Thanks! It's so kind of you! And I found this: https://github.com/tensorflow/models/tree/master/audioset , I think it may be the extractor for audio set.
Oh thank you very much ! I think they may have released it recently yes. They were not sure to do it. This is nice because they did perform any PCA for the audio so we don't need to retrieve the PCA matrix for the audio. Please tell me if you are brave enough to recompute the PCA matrix for the video features so I can release the end-to-end pre-trained pipeline for video classification. If think this is something that a lot of people might want to have !
I'm trying to recompute the PCA matrix but i'm not sure it could be done, I'm afraid the reason that google didn't release the matrix is because they don't want to totally share youtube8m but not they forget it or other excuses, If my guess is right, It's too hard for me to solve the problem.
I talked to the engineer in charge of this dataset and they assure me we should definitively be able to reproduce this PCA matrix. They just did not release it because they "do not have time for it". It is indeed hard to believe as it should not take any time to upload a matrix file but whatever, this is what I was told :).
Thans for your informations. Whatever I will try to do that.
It seems someone took the time to reconstruct this PCA matrix here: https://github.com/LittleWat/video_labelling_using_youtube8m
I am not sure if it is similar to Google's PCA matrix but you might want to take a look at it. (I found the repo by reading this thread: https://groups.google.com/forum/#!searchin/youtube8m-users/pca%7Csort:relevance/youtube8m-users/GW1HsNe4zGA/Bn2V4gHSBAAJ)

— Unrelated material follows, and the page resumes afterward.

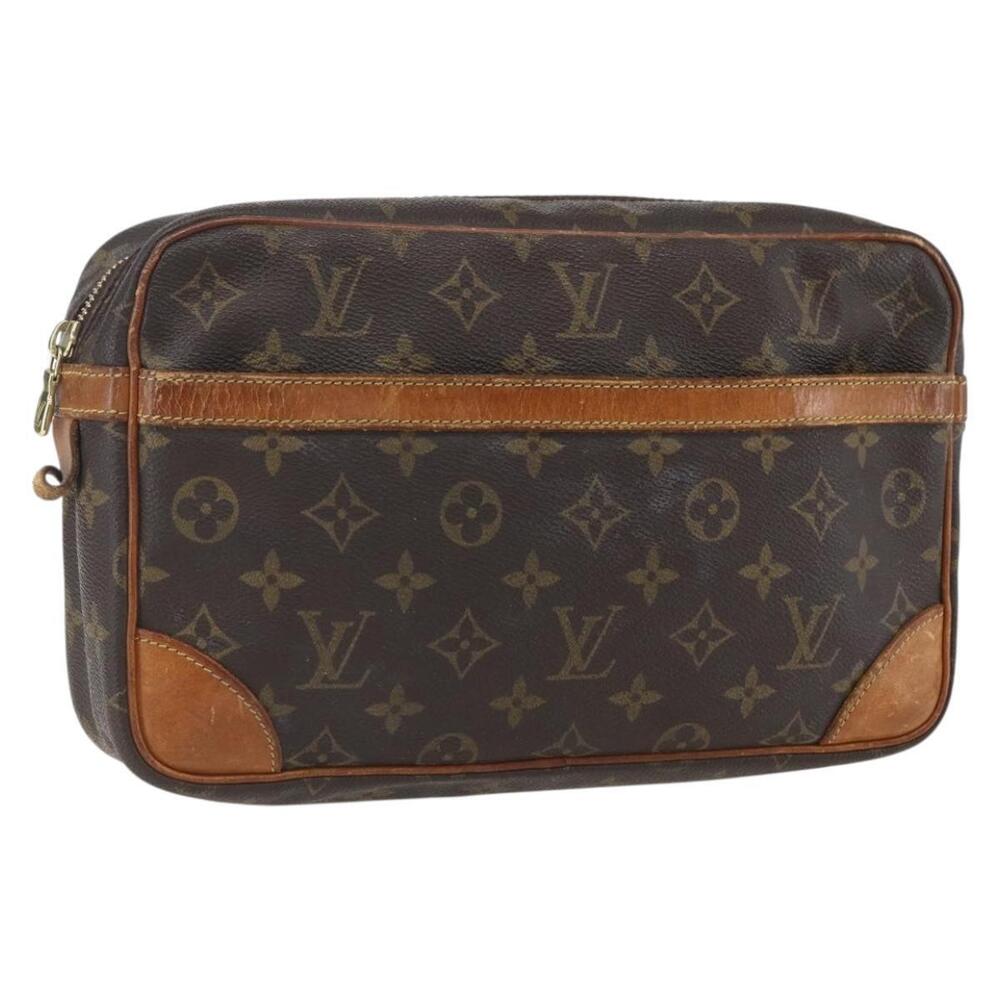 LOUIS VUITTON Monogram Compiegne 28 Clutch Bag M51845 LV Auth ka817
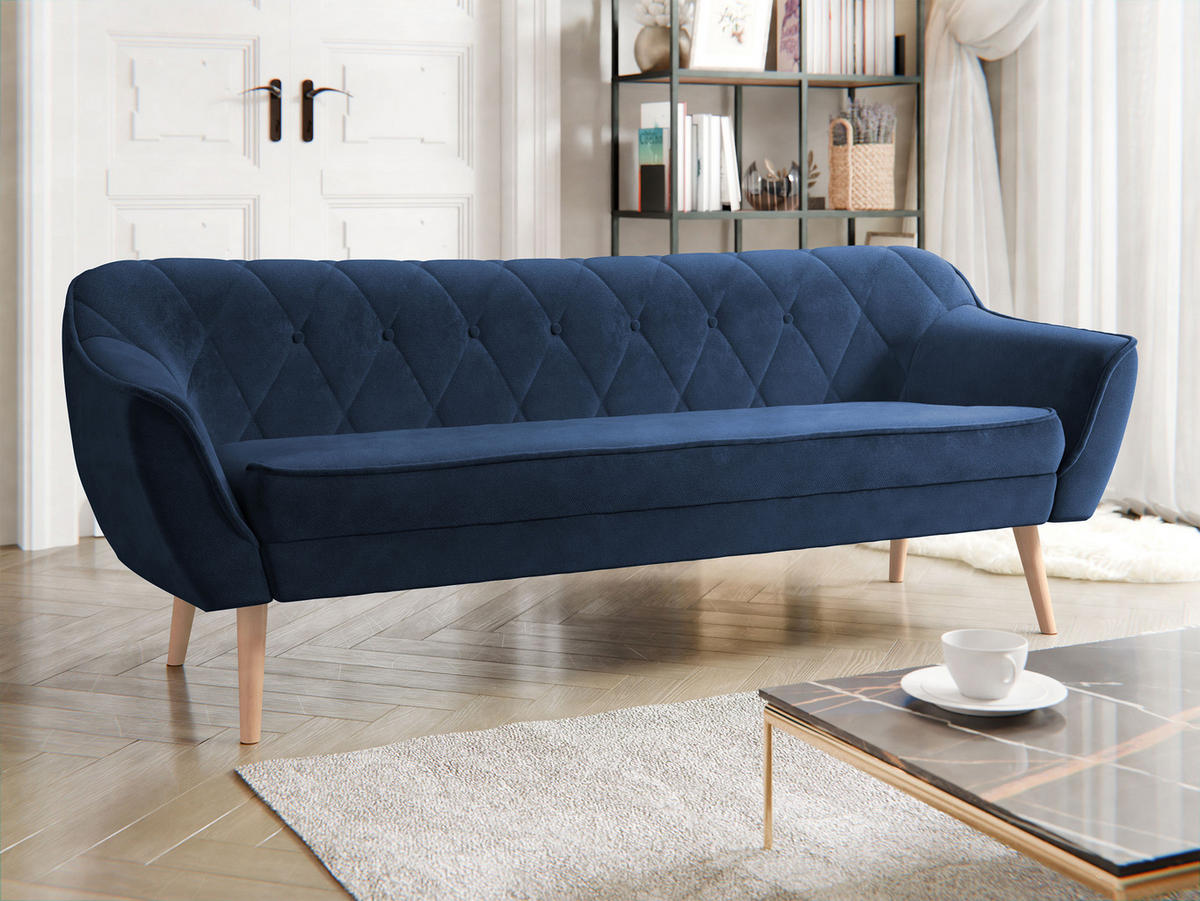 SOFA Skand 3 - Naturfarben/Dunkelblau, Holz/Textil (180/75/74cm) - MIRJAN24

I tried that repo and test some videos with his code, results seems to be not very good. When I want to use the PCA matrix on your repo with the model I have trained with your code which use all training data and validation data of 300,000 steps , I found the result is so strange and I think it shouldn't happened because the my model is more complex than his. I just simply concentrate the 1024 dimension visual features and 128 dimension audio features, then Dequantize them, am I right? the code is shown below, vfeature is visual feature[num_frames,1024] and afeature is audio feature[num_frames,128], the feature is extract from inception V3 and audioset , the visual feature should be right because I use same methods with that repo to extract them :
def print_predicted_label(vfeature,afeature, topn=10, id2label_csv='./videoModel/label_names.csv'): id2label_ser = pd.read_csv(id2label_csv, index_col=0) id2label = id2label_ser.to_dict()['label_name']
with tf.Session() as sess :
meta_graph_location = "./videoModel/model.ckpt-265840.meta"
latest_checkpoint = "./videoModel/model.ckpt-265840"
saver = tf.train.import_meta_graph(meta_graph_location, clear_devices=True)
saver.restore(sess, latest_checkpoint)
input_tensor = tf.get_collection("input_batch_raw")[0]
num_frames_tensor = tf.get_collection("num_frames")[0]
predictions_tensor = tf.get_collection("predictions")[0]
padded_feature = np.zeros([300, 1152])
padded_feature[:vfeature.shape[0], :1024] = Dequantize(vfeature)
padded_feature[:afeature.shape[0], 1024:1152] = Dequantize(afeature)
video_batch_val = padded_feature[np.newaxis, :, :].astype(np.float32)
num_frames_batch_val = np.array([vfeature.shape[0]], dtype=np.int32)
predictions_val, = sess.run([predictions_tensor], feed_dict={input_tensor: video_batch_val,
num_frames_tensor: num_frames_batch_val})
predictions_val = predictions_val.flatten()
top_idxes = np.argsort(predictions_val)[::-1][:topn]
pprint.pprint([(id2label[x], predictions_val[x]) for x in top_idxes])
sess.close()
Could it be possible to found the pca-matrix by ourselves? Thx!